Task: Using the data that follows, give again word for word the lines between the one holding "3rd image of 10603 Petricola St Unit 103" and the one holding "Bathroom (2015-06-26)", inclusive. Omit the pictures.

Task inputs:

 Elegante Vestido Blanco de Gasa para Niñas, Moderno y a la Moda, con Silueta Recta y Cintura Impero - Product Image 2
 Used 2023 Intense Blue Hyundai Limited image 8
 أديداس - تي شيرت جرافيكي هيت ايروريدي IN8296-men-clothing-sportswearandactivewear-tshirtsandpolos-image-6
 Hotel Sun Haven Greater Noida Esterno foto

--

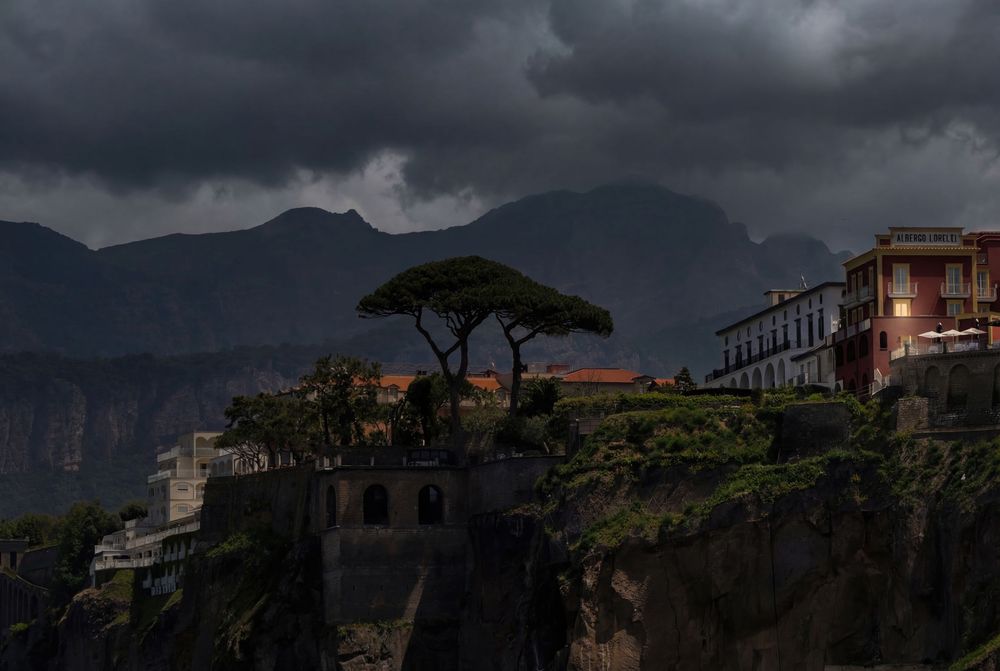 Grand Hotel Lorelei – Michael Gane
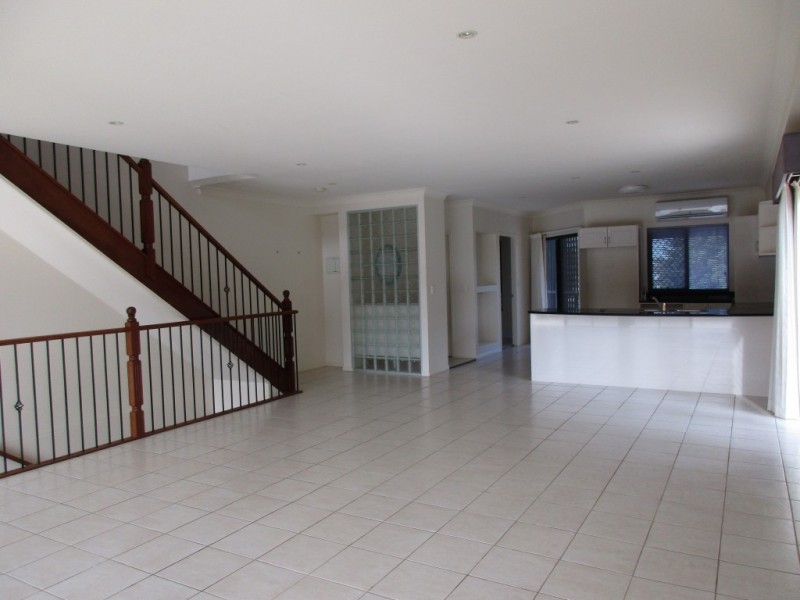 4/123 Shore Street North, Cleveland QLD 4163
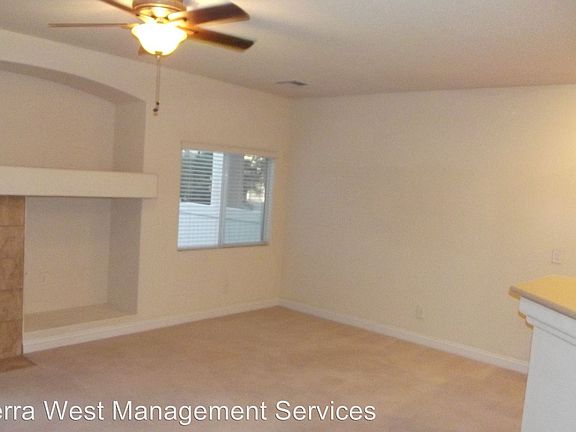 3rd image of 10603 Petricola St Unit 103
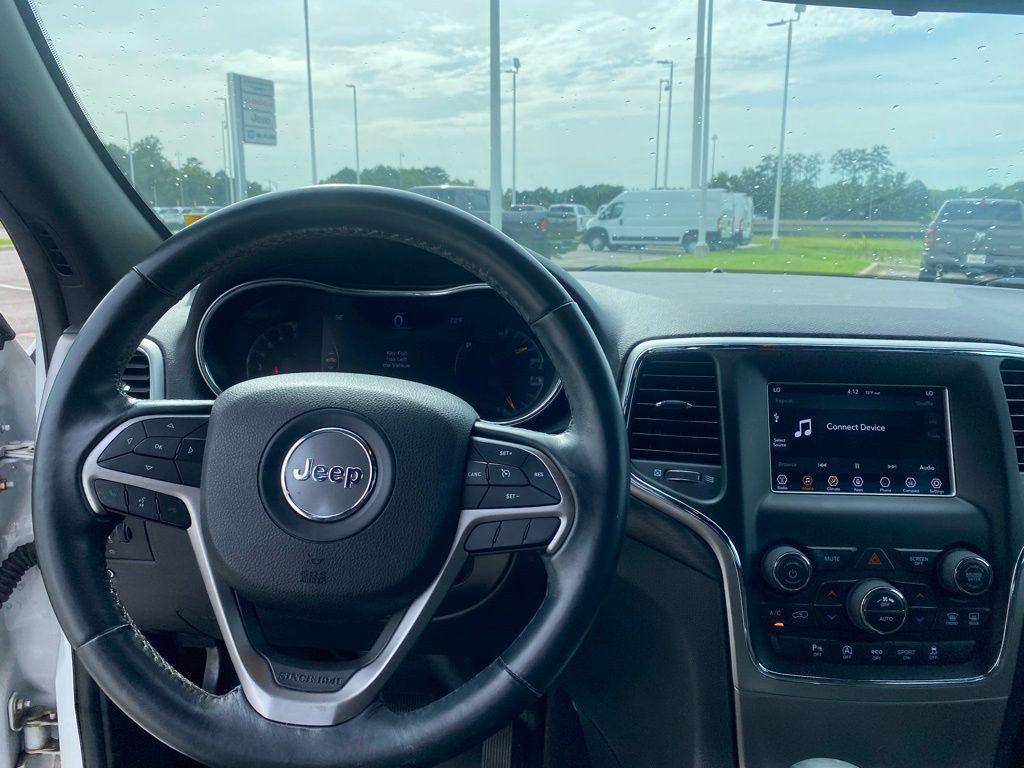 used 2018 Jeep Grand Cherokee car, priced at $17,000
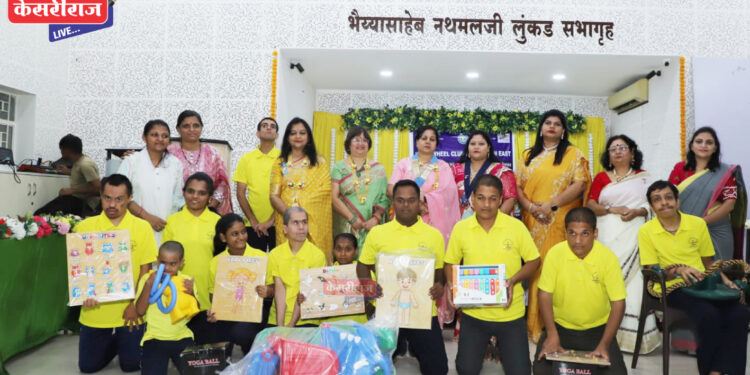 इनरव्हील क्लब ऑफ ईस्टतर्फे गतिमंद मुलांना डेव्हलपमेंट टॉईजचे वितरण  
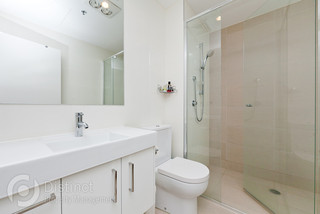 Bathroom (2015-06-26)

==

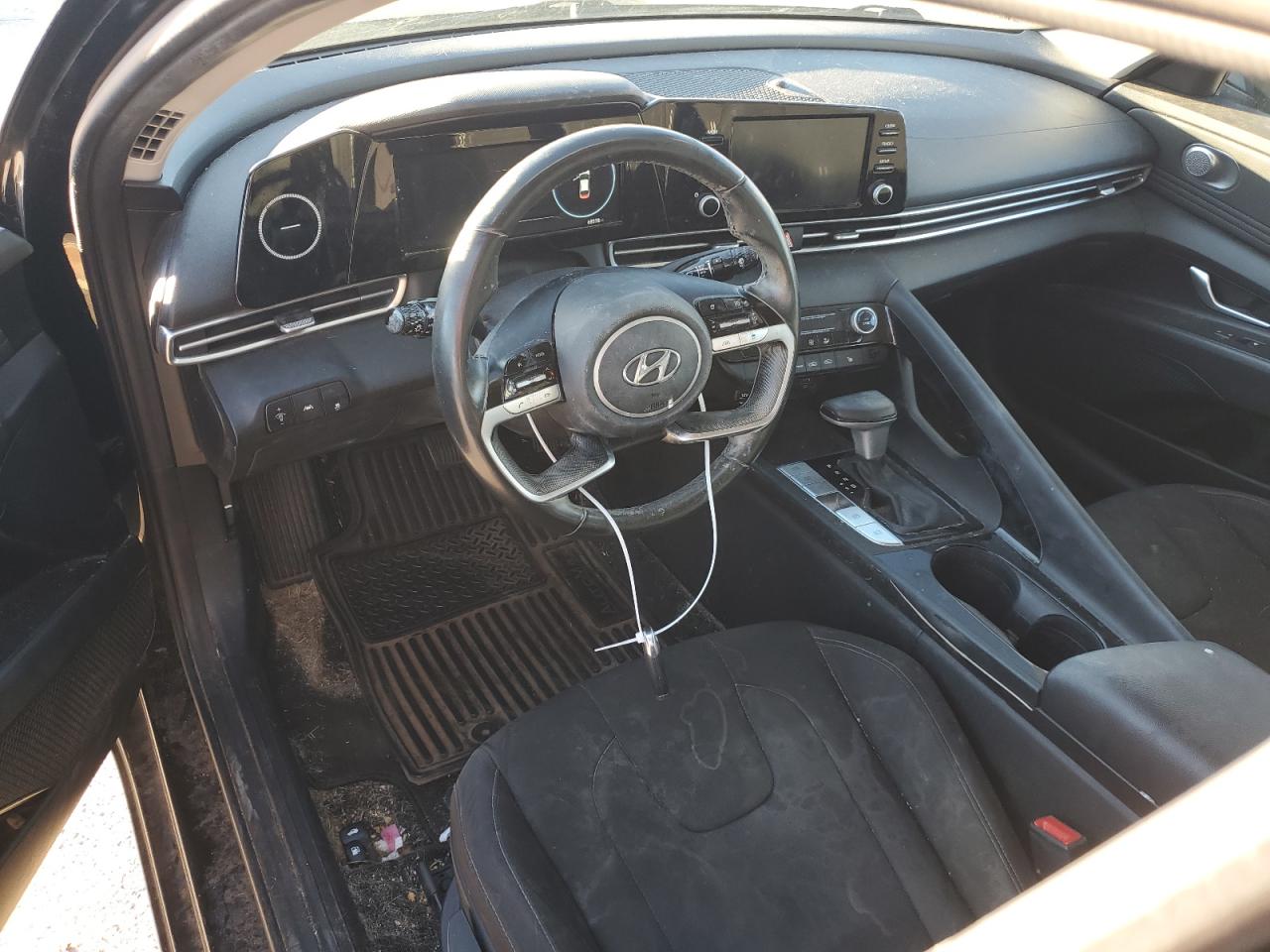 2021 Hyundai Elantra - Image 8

Exercise result:
 3rd image of 10603 Petricola St Unit 103
 used 2018 Jeep Grand Cherokee car, priced at $17,000
 इनरव्हील क्लब ऑफ ईस्टतर्फे गतिमंद मुलांना डेव्हलपमेंट टॉईजचे वितरण  
 Bathroom (2015-06-26)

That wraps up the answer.